The narrator turns to the story of Bumble and Mrs. Corney (now Mrs. Bumble); they have been married two months, and Bumble is in a melancholic state. Although he is master of the workhouse, he has resigned as beadle, and so has given up a certain amount of his social stature—he felt that the promotion to workhouse master would be greater than it ended up being in fact.
Here, Dickens turns to a bit of domestic comedy, showing that, once they are married, Bumble and his wife turn into a textbook unhappy couple. Mrs. Bumble now bosses her husband around, and the great irony is, that Bumble, in his attempt to become master of the workhouse, is not even master of the marriage he so desperately desired.
Mr. Bumble and Mrs. Bumble fight about Bumble's laziness, and Mrs. Bumble ends up pushing him out of his chair to take a turn of the workhouse; Bumble begins having sympathy for those men who escape their families in order to be "rid of their wives." Bumble finds his way into a room where a group of women are doing laundry, and as he observes them at his work, Mrs. Bumble comes in and insults him in front of them.

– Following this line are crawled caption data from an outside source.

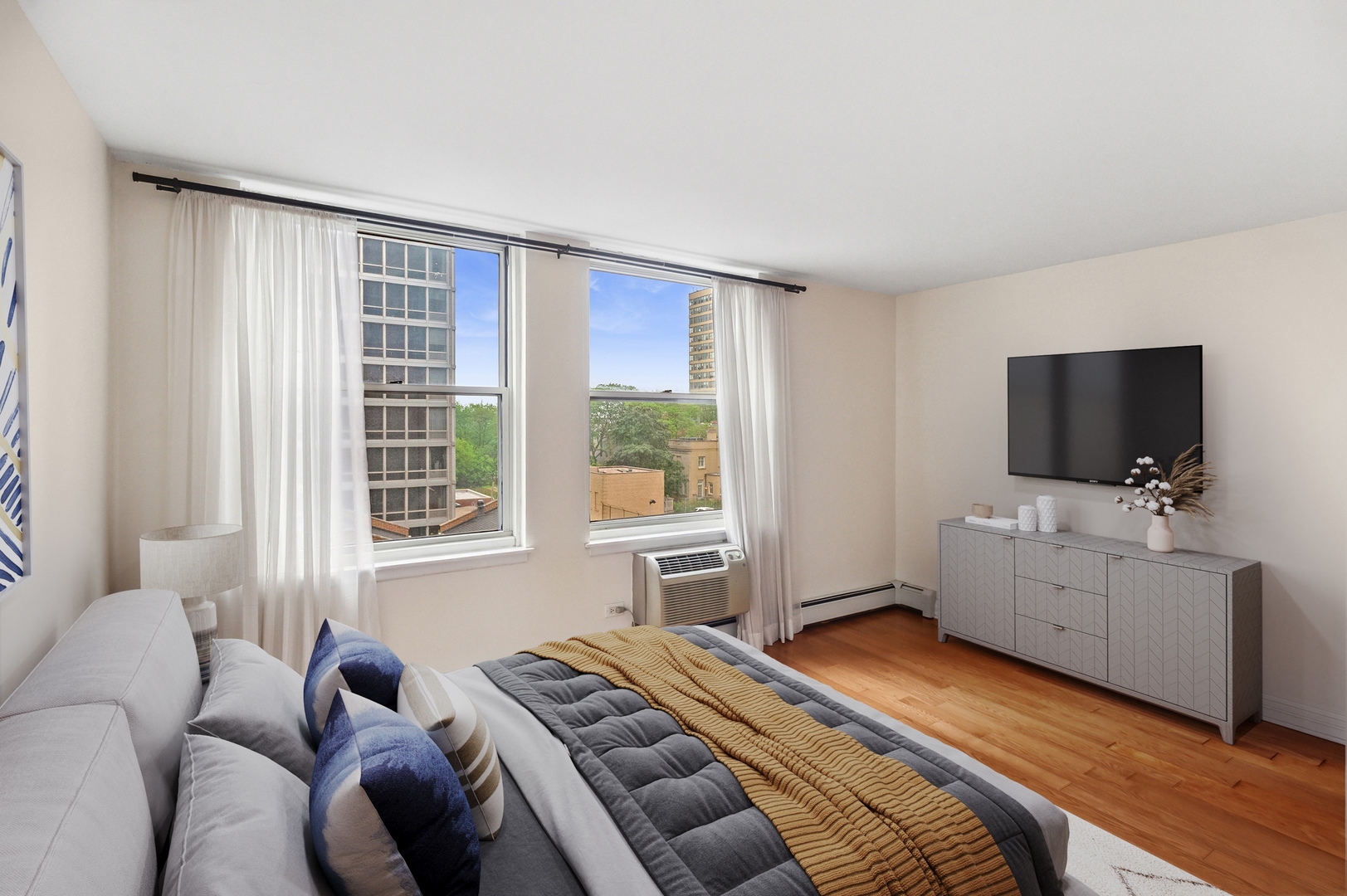 3033 North Sheridan Road, Unit 603 Chicago, IL 60657 - Photo 9 of 17 Gallery Image 9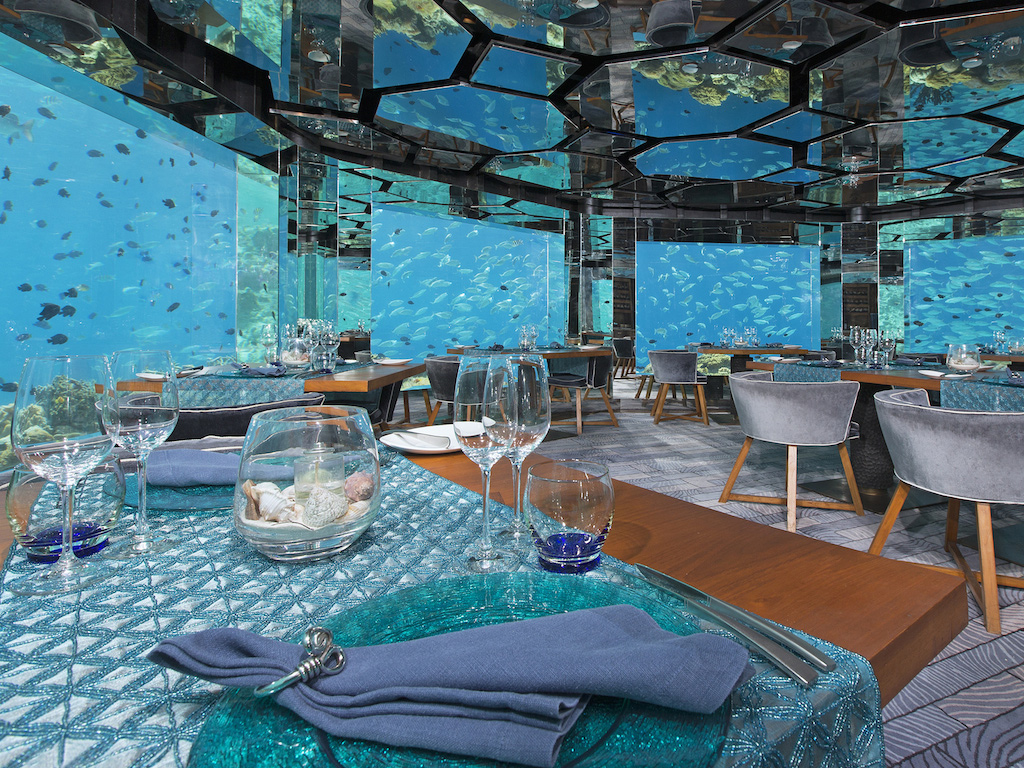 5 Underwater Restaurants And Bars Around The World | HuffPost
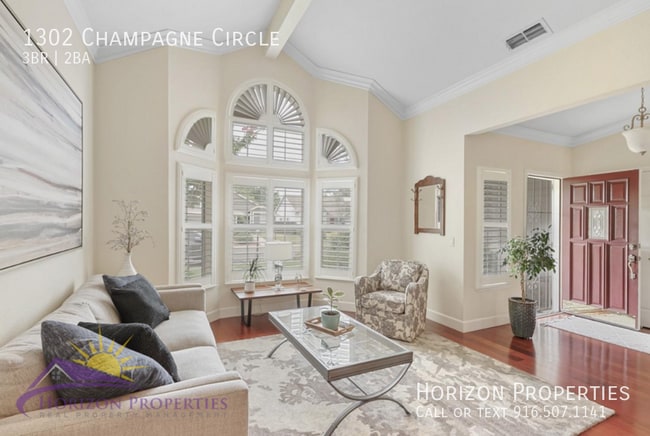 Building Photo - Bright 3 Bed 2 Bath 1,744 sqft Single Fami...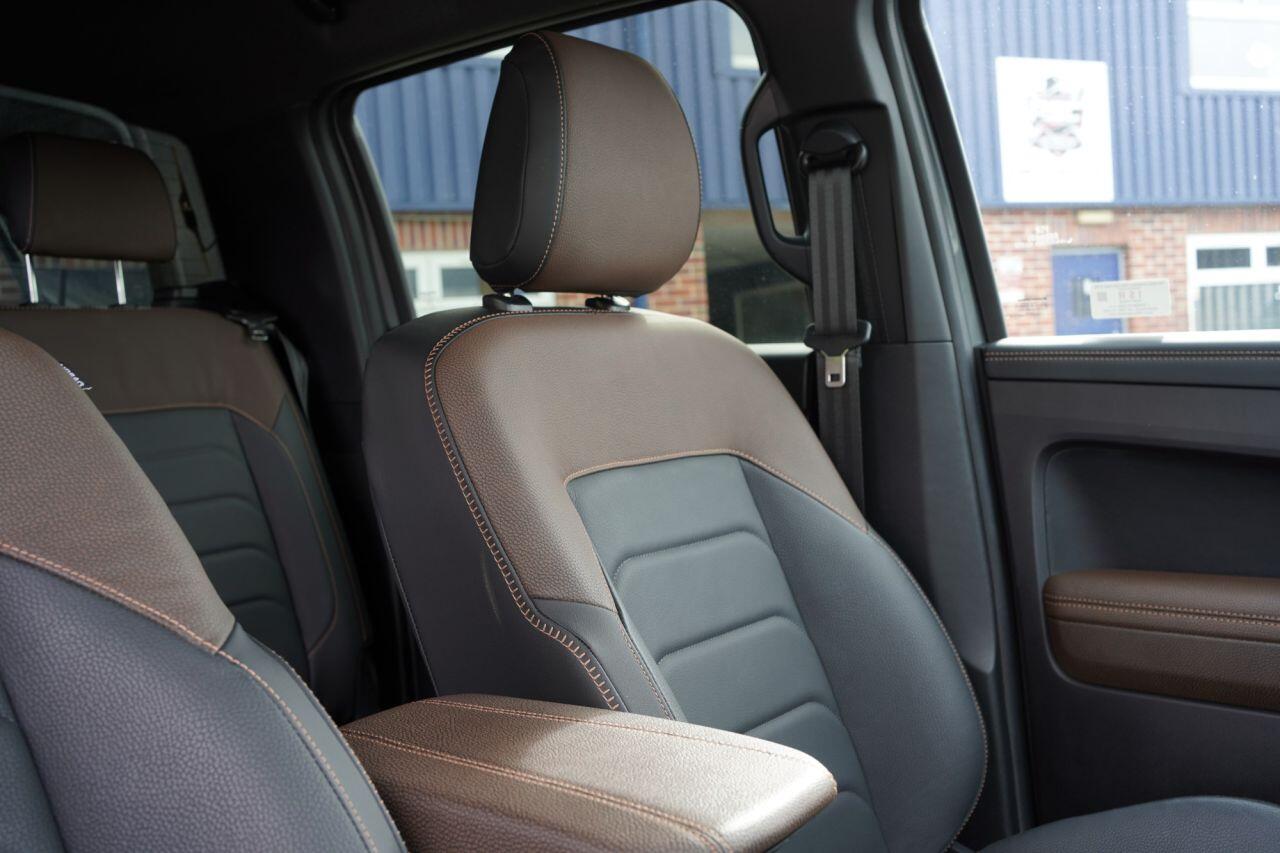 Volkswagen Amarok view 35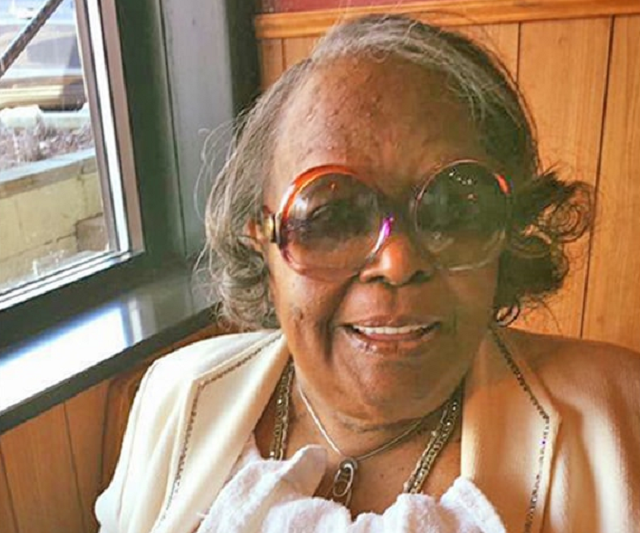 Oprah Winfrey's Mum, Vernita Lee, Dies At 83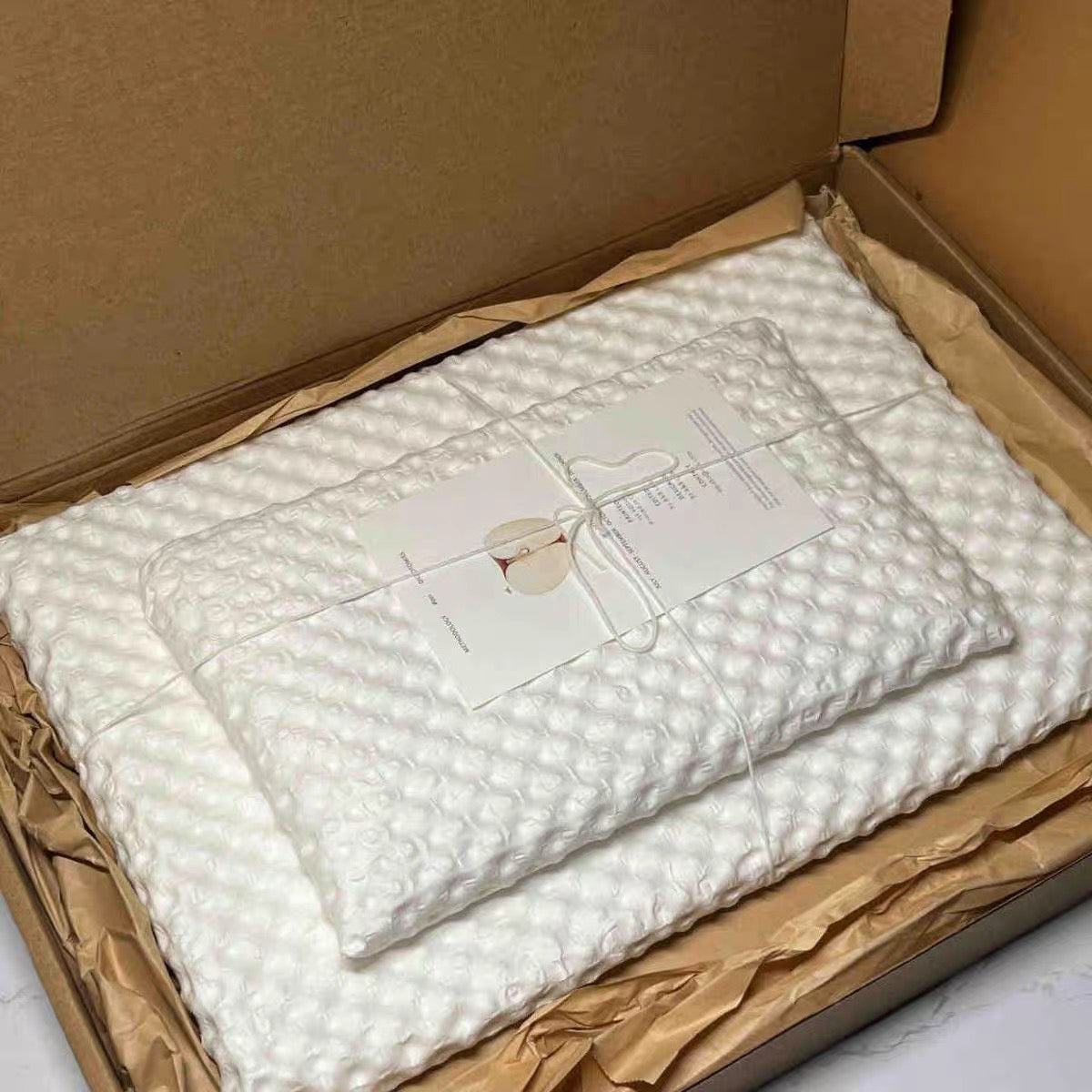 White Kraft Bubble Paper Roll Degradable Cushion Packaging Wrap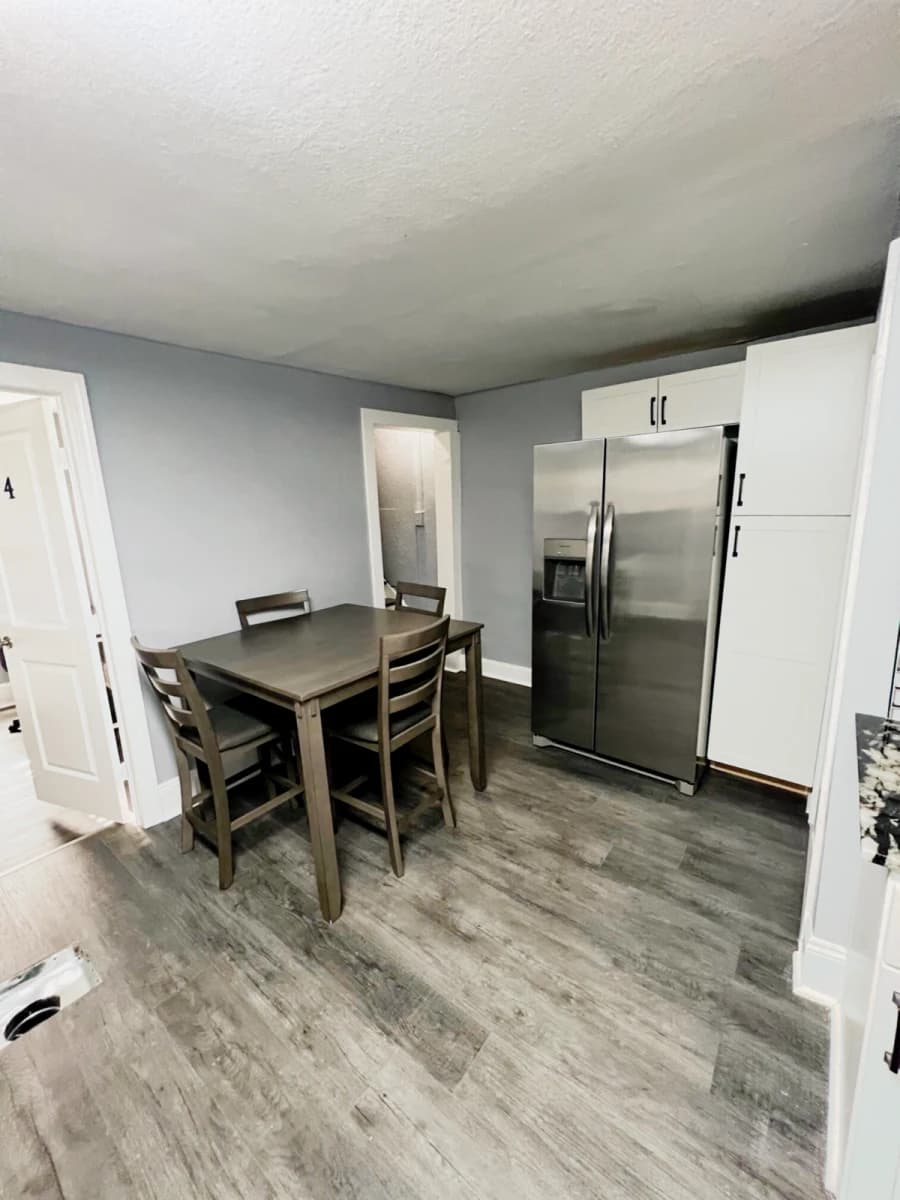 5 Bed 2 Bath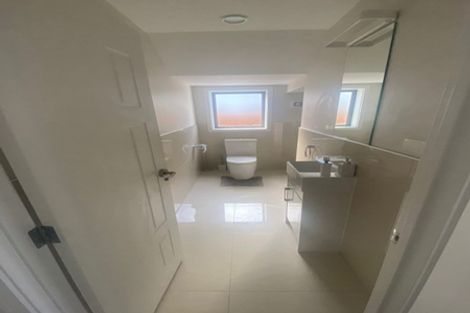 Photo of property in 70 Headland Drive, Long Bay, Auckland, 0630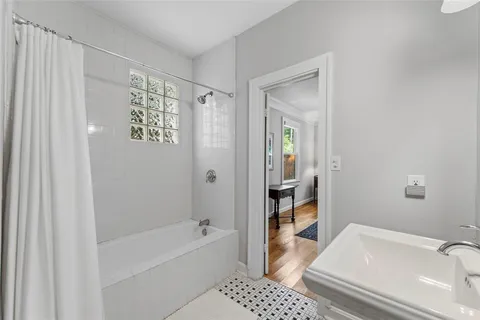 $1,199,990 | 5326 Vickery Boulevard, Dallas, TX 75206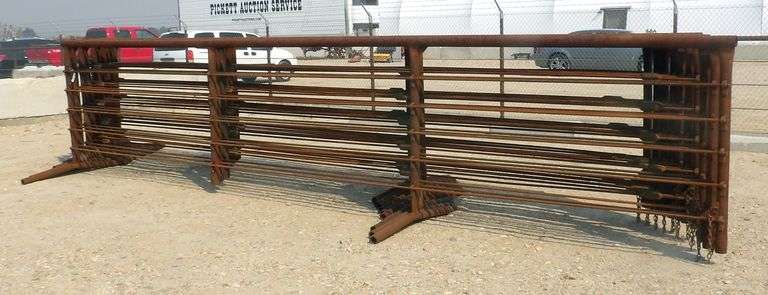 A-195 Heavy Duty Freestanding Bull Panels (10)
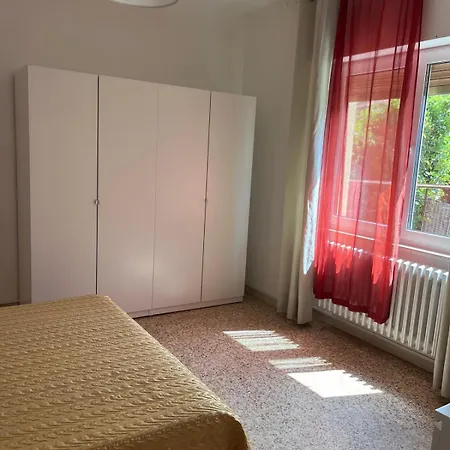 Tuscan Space 2 Master Beds & Separate Living & Separate Kitchen דירה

There could be no greater shame, for Bumble, than being insulted in front of the paupers, who he does not consider to be fully human, and yet whose opinion does seem to matter to him. Mrs. Bumble, sensing this, makes sure to highlight Bumble's flaw and failures for the joy of those paupers observing.
Bumble becomes upset, and walks out of the room in a huff. He winds up in a pub and begins drinking, to calm himself down. While at the pub he comes upon a strange man, seated near him, and begins talking to him—the man buys Bumble another pint, and even appears to have been waiting to talk to him. The strange man indicates that he knows about Oliver Twist, and more particularly, about the woman Old Sally who nursed Twist's mother before she died, and who had information and a package from Oliver's mother.
Another coincidence, this one necessary to bring Bumble, Monks, and Mrs. Bumble together. As Monks will find out, Mrs. Bumble has a package that was given by Oliver's dying mother to Old Sally, her nurse in the workhouse. Mrs. Bumble, believing this package might have some value, has kept it, but it turns out that the package is more valuable as a piece of information that can be leveraged, from Monks, for financial gain.
The strange man goes on to imply that he knows, further, that Mrs. Bumble now has that package, taken from Old Sally (and originally possessed by Oliver's mother). The strange man wishes to arrange a meeting with Mr. and Mrs. Bumble for the following night—to all this Bumble, confused, agrees. The man, as he is leaving, gives his name to Bumble—Monks, the same man who was seen with Fagin outside Oliver's window, by the Maylies' house.
Bumble is not particularly adept at this kind of discreet plan-making, but his wife appears more comfortable dealing with Monks and his special brand of underworld wheeling and dealing. Bumble, for the remainder of the novel, is out of his depth, and this scene marks the total dominance of Mrs. Bumble, in their strange, unhappy marriage.